• Exercise objective: Return every line from the one with "Встраиваемый морозильник Zugel ZFI870NF" through the one with "3174 Holbrook Road MANGOPLAH 31", inclusive, exactly as it appears below.
***
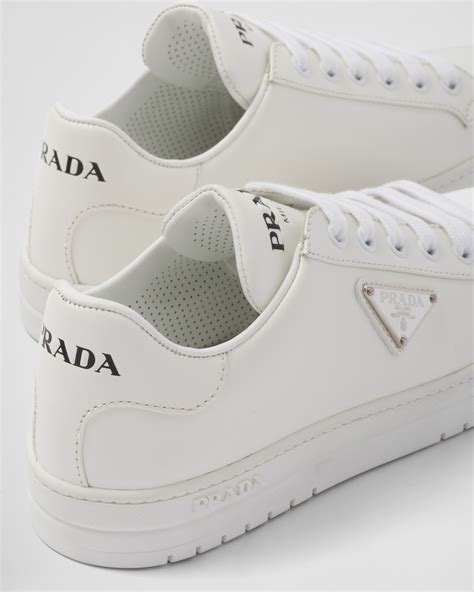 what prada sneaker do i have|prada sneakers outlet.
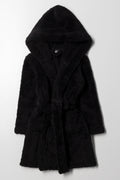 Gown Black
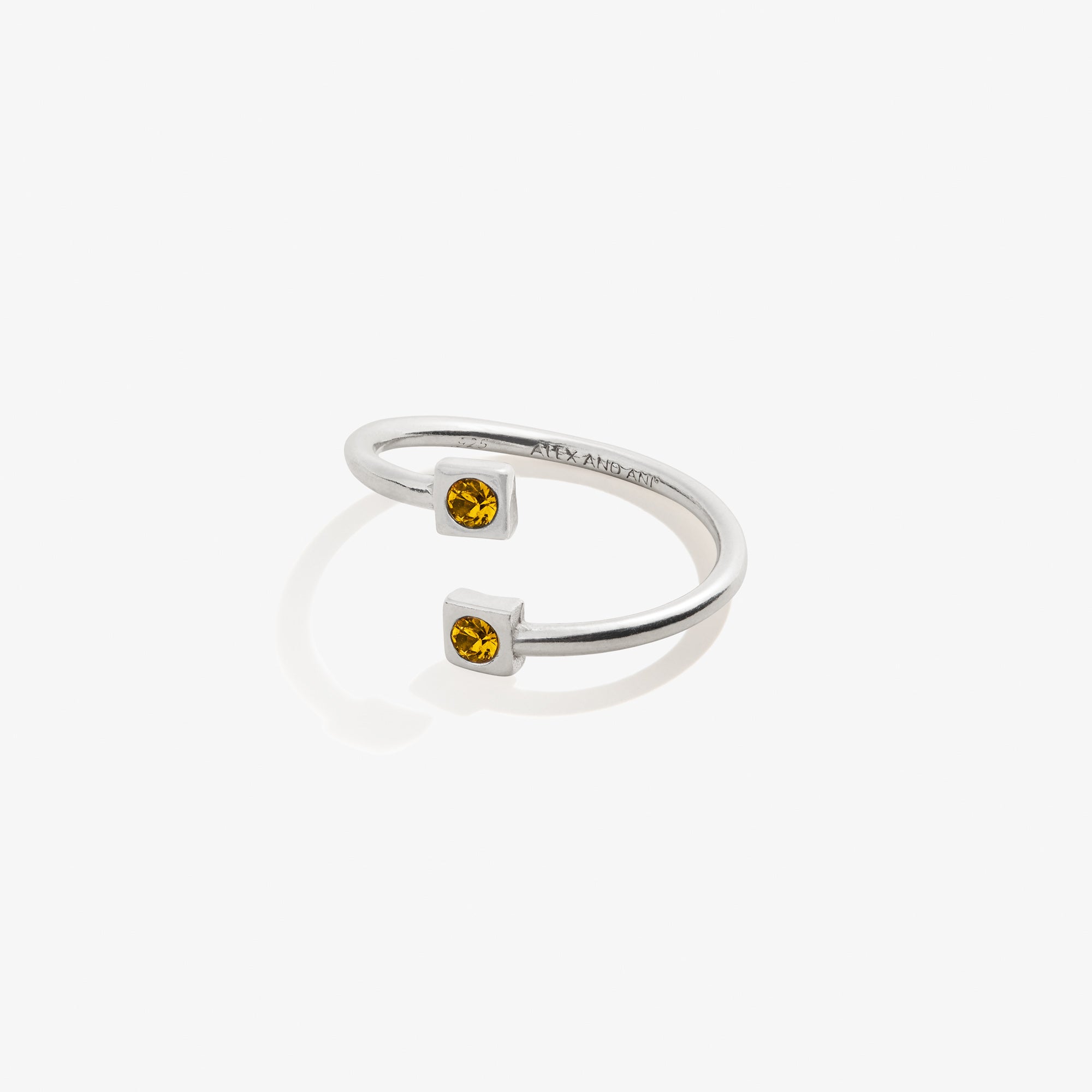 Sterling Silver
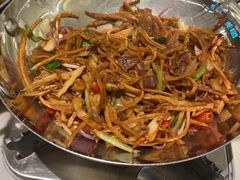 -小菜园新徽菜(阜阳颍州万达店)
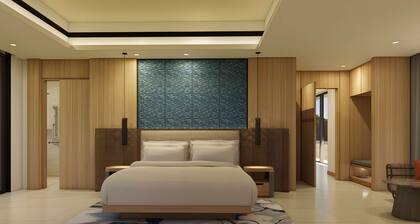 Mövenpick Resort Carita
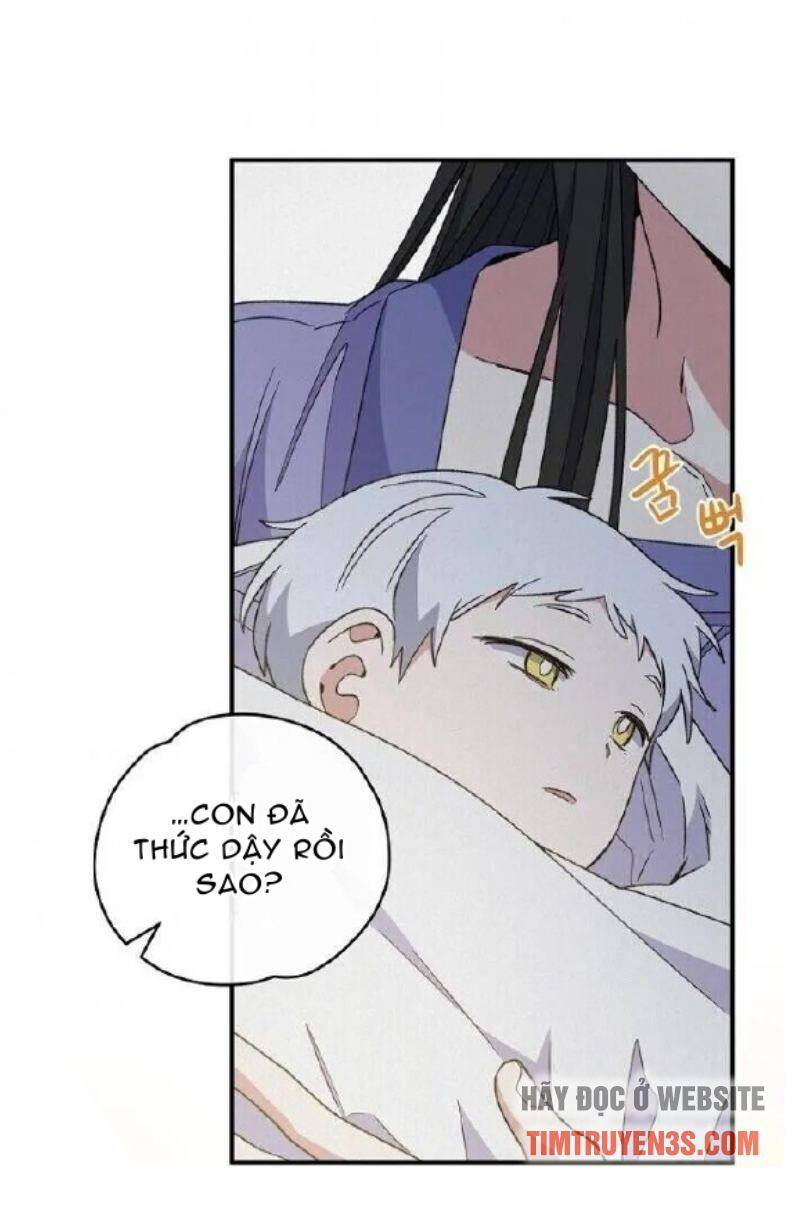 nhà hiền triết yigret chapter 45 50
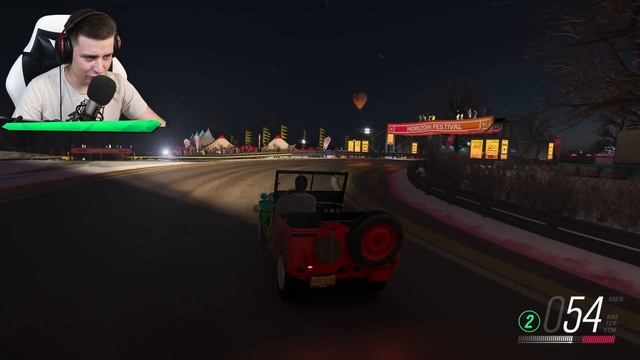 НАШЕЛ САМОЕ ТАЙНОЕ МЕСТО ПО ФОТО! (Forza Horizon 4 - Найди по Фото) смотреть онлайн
***
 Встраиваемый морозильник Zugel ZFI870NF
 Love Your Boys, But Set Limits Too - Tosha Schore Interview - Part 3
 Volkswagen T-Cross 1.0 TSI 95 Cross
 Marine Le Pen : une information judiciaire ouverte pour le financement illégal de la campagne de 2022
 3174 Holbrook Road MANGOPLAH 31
***
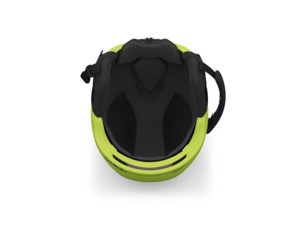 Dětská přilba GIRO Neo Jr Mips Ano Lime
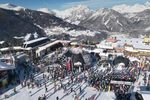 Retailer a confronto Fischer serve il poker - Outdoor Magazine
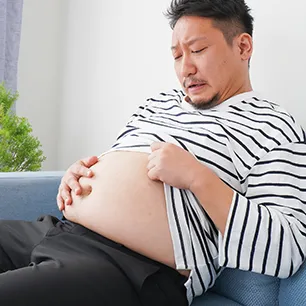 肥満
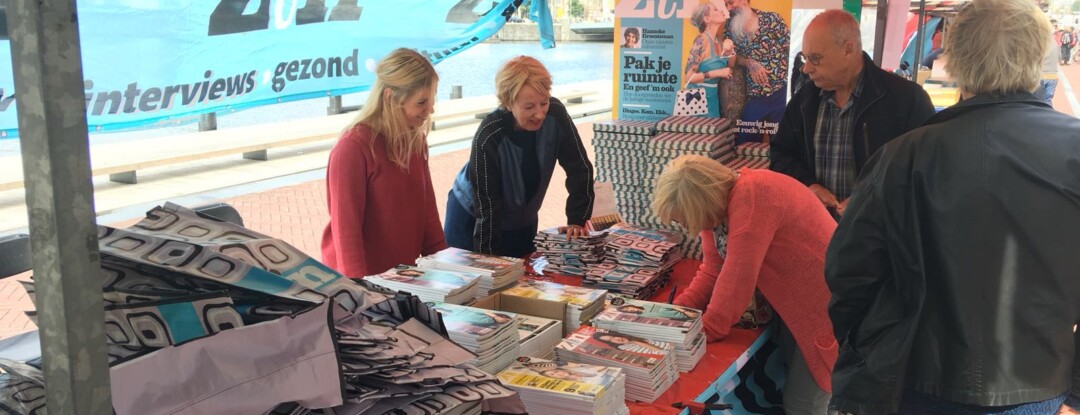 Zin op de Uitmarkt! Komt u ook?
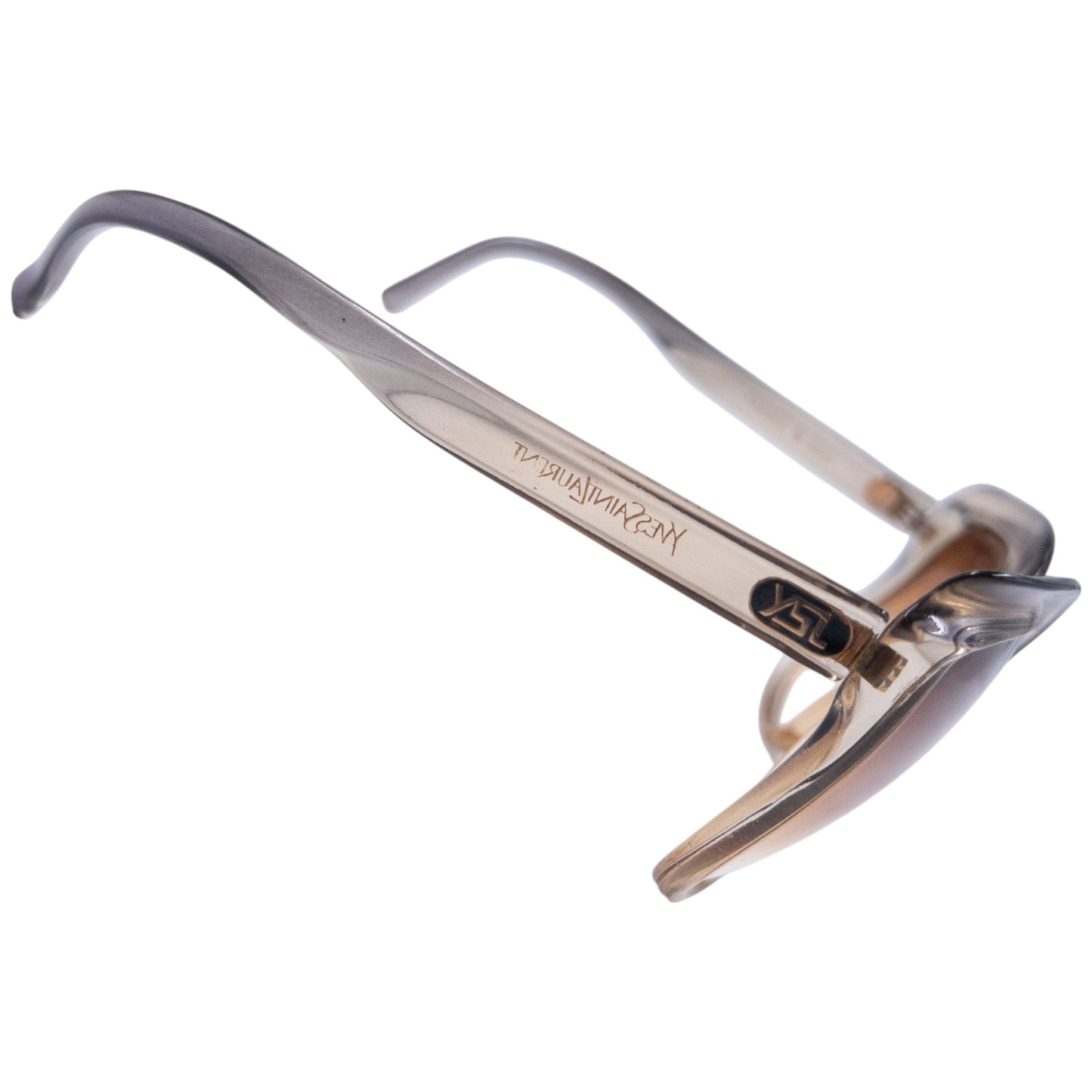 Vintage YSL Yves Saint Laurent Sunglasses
***
• Task answer:
 Встраиваемый морозильник Zugel ZFI870NF
 Love Your Boys, But Set Limits Too - Tosha Schore Interview - Part 3
 Volkswagen T-Cross 1.0 TSI 95 Cross
 Marine Le Pen : une information judiciaire ouverte pour le financement illégal de la campagne de 2022
 3174 Holbrook Road MANGOPLAH 31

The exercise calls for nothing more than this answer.